We've certainly seen Windows Defender delete software like uTorrent without any input from the system Administrator.
This is exactly how Symantec operated under Windows 7, which required you to disable a key security feature at boot. Not sure if it’s still a thing.
Apple’s software will never support DLP and other invasive Corp spyware so I think there will always unfortunately be a need for the latter.

E.g. https://www.bloomberg.com/news/features/2023-05-11/the-plot-...

Hopefully Scenario 3a: corp realized that they don't really need Apple OS and move to Linux instead.
IMO this is pulling the OS closer towards a more trusted platform model that mobile devices have been afforded through years of incremental refinement of corporate MDM solutions.
I would hope so.

We used to write image processing pipelines.

This is code that really needs to run fast.

We spent a huge amount of time tuning, analyzing, and re-tuning the software.

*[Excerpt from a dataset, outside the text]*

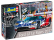 Revell Ford GT Le Mans 2017 (1:24)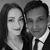 Anna Rahman's profile image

Our IT group was completely focused on office workers, and would force us to install their spyware on our test machines.

It was not a good fit.

3rd party software checks the security and regulatory teams boxes, so no matter how bad they are, they won't be going away anytime soon.
I have seen companies pass audits with just XProtect, but I think it highly depends on your auditor and the wording you use to justify it.
>Windows Defender (or whatever it’s called) looked like it might help similarly on Windows, but I haven’t seen it being used that way.

It is more and more, but you need the expensive Microsoft 365 license to use the web portal for it for, key word, MANAGEMENT.

You want to be able to scan computers, lock them out of all network access besides the AV management, block usb/peripherals etc etc when an attack happens.

You DONT want to just let it run headless.